Please transcribe exactly, and only, the lines of the data below between the line holding "to Customer-Vendor Integratio_68c52c1f61588.jpeg" and the line holding "Cover image: Retrieving", inclusive.

*** Block opens ***

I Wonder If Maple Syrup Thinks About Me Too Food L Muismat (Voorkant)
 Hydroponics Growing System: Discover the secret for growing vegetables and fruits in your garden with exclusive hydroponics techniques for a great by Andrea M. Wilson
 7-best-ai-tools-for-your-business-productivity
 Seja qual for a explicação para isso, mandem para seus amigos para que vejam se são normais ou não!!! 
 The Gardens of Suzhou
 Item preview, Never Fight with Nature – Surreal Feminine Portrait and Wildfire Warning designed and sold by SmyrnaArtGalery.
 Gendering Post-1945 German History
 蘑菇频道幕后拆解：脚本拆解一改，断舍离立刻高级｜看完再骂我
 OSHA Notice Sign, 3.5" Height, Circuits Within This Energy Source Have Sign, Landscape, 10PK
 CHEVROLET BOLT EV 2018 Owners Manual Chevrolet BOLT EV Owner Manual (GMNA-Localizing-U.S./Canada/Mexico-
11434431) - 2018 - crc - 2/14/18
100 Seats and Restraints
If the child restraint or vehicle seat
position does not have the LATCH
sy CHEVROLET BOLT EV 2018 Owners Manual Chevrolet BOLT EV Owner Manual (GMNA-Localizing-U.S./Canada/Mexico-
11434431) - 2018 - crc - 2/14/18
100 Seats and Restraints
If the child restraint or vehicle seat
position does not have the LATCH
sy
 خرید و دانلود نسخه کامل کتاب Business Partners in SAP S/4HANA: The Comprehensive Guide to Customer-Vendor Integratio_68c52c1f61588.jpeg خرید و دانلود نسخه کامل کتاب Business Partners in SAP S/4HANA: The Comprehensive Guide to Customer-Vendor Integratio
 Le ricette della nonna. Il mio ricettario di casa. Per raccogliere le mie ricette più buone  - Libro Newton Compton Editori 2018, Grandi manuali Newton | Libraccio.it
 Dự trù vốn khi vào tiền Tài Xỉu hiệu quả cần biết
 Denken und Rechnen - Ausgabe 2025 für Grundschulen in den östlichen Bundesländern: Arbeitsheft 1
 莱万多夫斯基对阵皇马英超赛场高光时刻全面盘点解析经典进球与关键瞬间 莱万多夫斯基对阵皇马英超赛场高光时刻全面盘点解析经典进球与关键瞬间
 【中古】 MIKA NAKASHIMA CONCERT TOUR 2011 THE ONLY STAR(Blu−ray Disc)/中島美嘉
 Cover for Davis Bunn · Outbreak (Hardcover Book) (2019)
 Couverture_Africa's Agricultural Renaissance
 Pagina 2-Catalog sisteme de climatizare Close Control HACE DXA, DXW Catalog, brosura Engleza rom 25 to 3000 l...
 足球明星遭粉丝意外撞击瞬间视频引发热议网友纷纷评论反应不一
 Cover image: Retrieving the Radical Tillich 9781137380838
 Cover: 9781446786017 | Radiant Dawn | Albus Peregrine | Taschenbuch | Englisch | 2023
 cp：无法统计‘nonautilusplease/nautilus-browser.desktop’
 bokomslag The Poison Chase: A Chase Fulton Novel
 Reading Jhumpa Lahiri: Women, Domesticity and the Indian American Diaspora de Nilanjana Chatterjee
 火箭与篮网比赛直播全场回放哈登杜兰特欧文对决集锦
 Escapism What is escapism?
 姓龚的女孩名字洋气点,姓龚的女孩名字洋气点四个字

*** Block closes ***

◆ EXERCISE RESPONSE:
 خرید و دانلود نسخه کامل کتاب Business Partners in SAP S/4HANA: The Comprehensive Guide to Customer-Vendor Integratio_68c52c1f61588.jpeg خرید و دانلود نسخه کامل کتاب Business Partners in SAP S/4HANA: The Comprehensive Guide to Customer-Vendor Integratio
 Le ricette della nonna. Il mio ricettario di casa. Per raccogliere le mie ricette più buone  - Libro Newton Compton Editori 2018, Grandi manuali Newton | Libraccio.it
 Dự trù vốn khi vào tiền Tài Xỉu hiệu quả cần biết
 Denken und Rechnen - Ausgabe 2025 für Grundschulen in den östlichen Bundesländern: Arbeitsheft 1
 莱万多夫斯基对阵皇马英超赛场高光时刻全面盘点解析经典进球与关键瞬间 莱万多夫斯基对阵皇马英超赛场高光时刻全面盘点解析经典进球与关键瞬间
 【中古】 MIKA NAKASHIMA CONCERT TOUR 2011 THE ONLY STAR(Blu−ray Disc)/中島美嘉
 Cover for Davis Bunn · Outbreak (Hardcover Book) (2019)
 Couverture_Africa's Agricultural Renaissance
 Pagina 2-Catalog sisteme de climatizare Close Control HACE DXA, DXW Catalog, brosura Engleza rom 25 to 3000 l...
 足球明星遭粉丝意外撞击瞬间视频引发热议网友纷纷评论反应不一
 Cover image: Retrieving the Radical Tillich 9781137380838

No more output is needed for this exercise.